National Post: John Ivison & Peter J. Thompson - January 11, 2007

Everyone you talk to in Ottawa these days is convinced there will be an election this spring -- everyone, that is, except high-ranking Conservatives. Cabinet ministers and senior political staffers are not always privy to the intrigues taking place inside the Prime Minister's Office but they have sensitive antennae and several are saying privately they do not expect the government to engineer its own defeat this spring.

One of the main reasons is the Conservatives' vulnerability on the environment. The public is demanding action on global warming. It doesn't know what sort of action it wants, because most Canadians have just a vague understanding of the issue. But voters know the good guys from the bad guys --and on climate change, the Conservatives are Darth Vader.

It is the task of new Environment Minister John Baird to convince Canadians that, like Vader in Return of the Jedi, they have turned from the dark side and are serious about reducing greenhouse gas emissions.

We don't know how he plans to do this but the current prebudget waltz between Ontario Premier Dalton McGuinty and Prime Minister Stephen Harper may offer some clues.

Mr. McGuinty is committed to closing the province's coal-fired power stations. To pick up some of the generating slack, the province is set to spend billions of dollars on two new nuclear reactors.

One bidder for a $3- to $4-billion reactor at the Darlington plant, east of Toronto, is AECL, a Crown corporation that many in the industry believe is about to be put on the auction block by the Harper government. A successful sale of AECL's CANDU reactor to the Ontario government would increase the value of the company. But if that business were to go to a rival such as Areva, the Franco-German company, or Toshiba-Westinghouse, it would send the message that AECL can't even win business in its own backyard and its value would plummet.

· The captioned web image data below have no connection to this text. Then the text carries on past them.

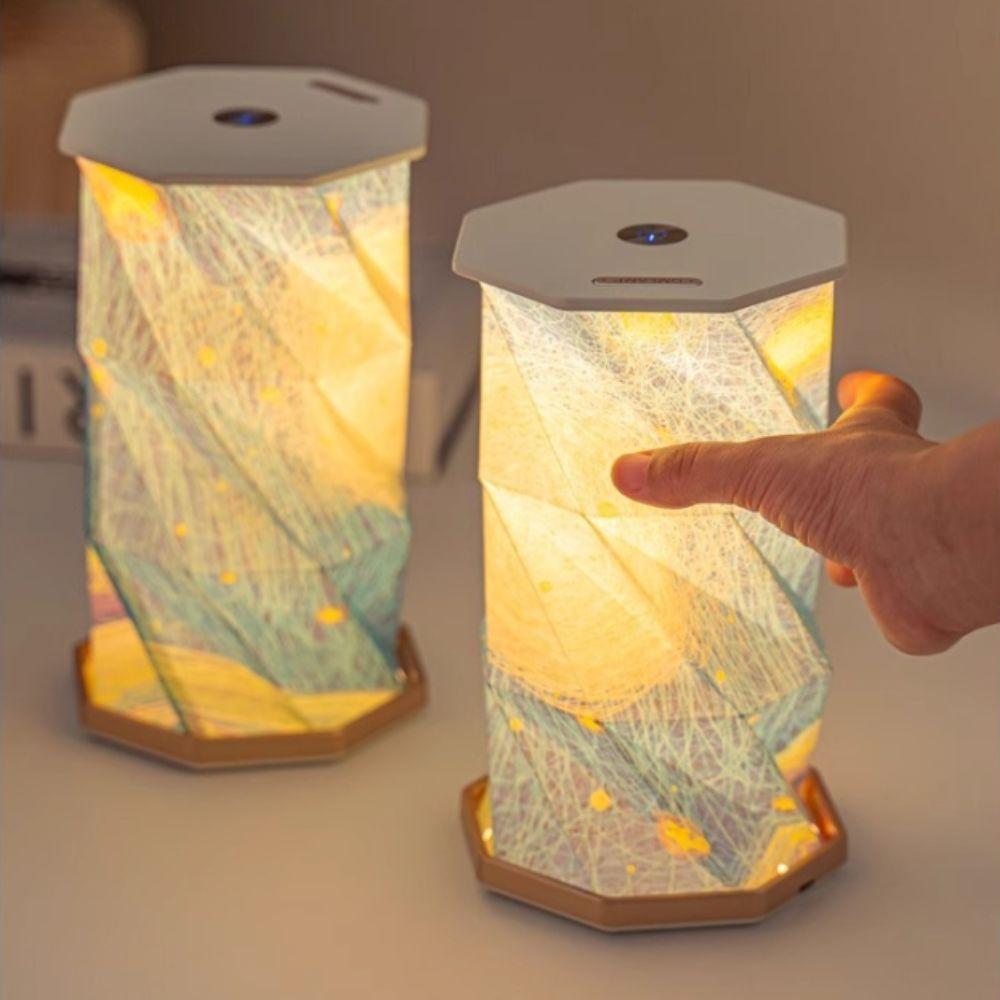 Портативный дизайн Ночник Звездная ночь Узор Звездное небо Светодиодная настольная лампа Оригами Лампа Гостиная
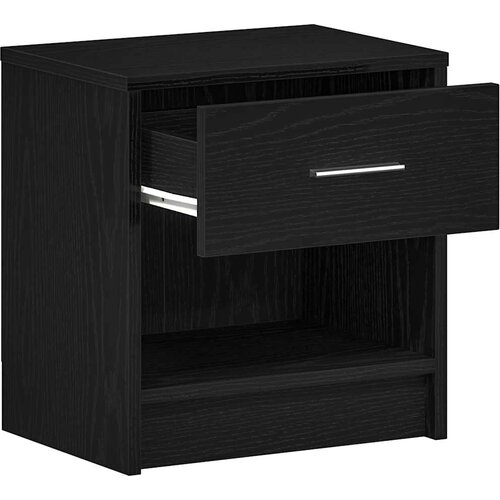  Noćni ormarić s ladicom crni 39x28x41 cm Slike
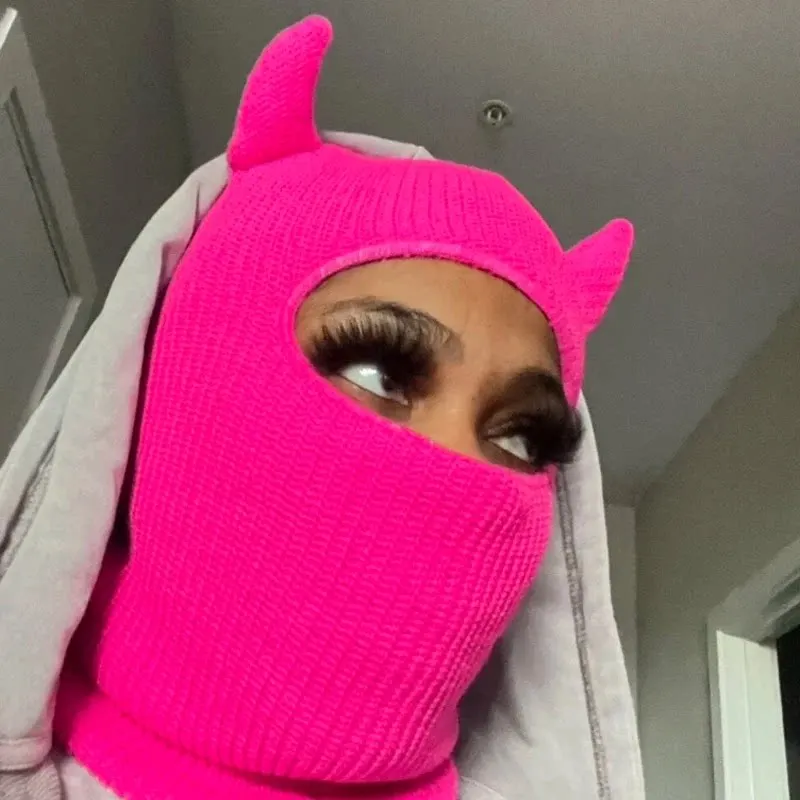 Halloween Hip Hop Personality Horns Devil Knitted Hat Winter Riding Neck Mask Boys and Girls Funny Bare Hood Hats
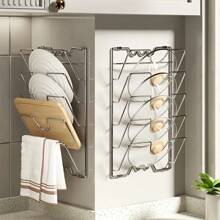 1 pièce Organisateur de couvercles de casserole suspendu en métal , Étagère de rangement murale à plusieurs niveaux pour casseroles et couvercles, Accessoire de cuisine gain de place pour la maison et les restaurants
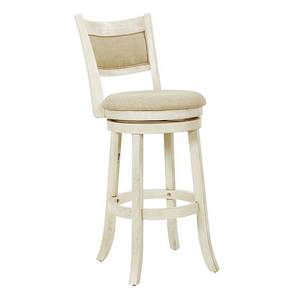 lot 3709 image: Swivel Stool 30 with Solid Back in Antique White Finish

The Harper government is keen that Ontario buy CANDU, so much so that Natural Resources Minister Gary Lunn said recently it is "imperative" the contract go to AECL. But the Conservatives' enthusiasm goes beyond industrial policy. The only significant reduction in carbon emissions since Canada signed the Kyoto Protocol has come since the Pickering nuclear plant brought a number of its units back on-line. In any given year, Ontario will see 18 million tonnes of CO2 savings when electricity is generated by Pickering's six nuclear reactors, rather than by coal-fired power stations.

If the federal government helped facilitate new nuclear building, it could claim with some justification that it was making progress in its efforts to reduce greenhouse gas emissions.

Sources say Mr. Harper and Mr. McGuinty discussed the nuclear issue recently. It is a good bet the Ontario Premier raised the issue of the $538-million promised by Paul Martin to help pay for the closure of the coal fired stations. That money was taken off the table when the Conservatives came to power but Mr. Harper may now be thinking he was too hasty --particularly if he could tie any federal contribution into the fiscal imbalance package expected in the next budget.

For his part, Mr. McGuinty is using his newly discovered leverage to maximum effect, with officials voicing fears about the CANDU's security system, while musing that Ottawa will have to sweeten the deal considerably if AECL's competitors offer lower-priced reactors.

Any new money for nuclear reactors in Ontario would immediately bring demands from New Brunswick and Quebec, the only other provinces with nuclear facilities. Each has a CANDU reactor that is either being refurbished (New Brunswick) or is due for refurbishment (Quebec). There could also be demands from Alberta, where the provincial government has not ruled out nuclear as an alternative to natural gas to help steam bitumen out of the tar sands.

In many ways, a national program that positions nuclear as a key component in the fight against climate change is logical. But opinion in the current, erratic climate is governed by warm fronts and activist groups such as the Climate Action Network. While demanding the Conservatives reduce greenhouse gases and meet Canada's obligations under Kyoto, they are rigidly opposed to any expansion of nuclear.

Stephane Dion, the new Liberal leader, has been lukewarm on nuclear, pledging to make sure existing nuclear sites are safe and efficient but directing investment to alterative and renewable energy sources.

More important would be the NDP response to any nuclear initiative. If he wants to avoid an election, Mr. Harper needs Jack Layton to support a revamped green plan, but New Democrats, federally and provincially, have been resolutely "no new nukes." It is hard to see Mr. Layton supporting any solution that involves expanding nuclear, which may mean an election whether Mr. Harper wants one or not.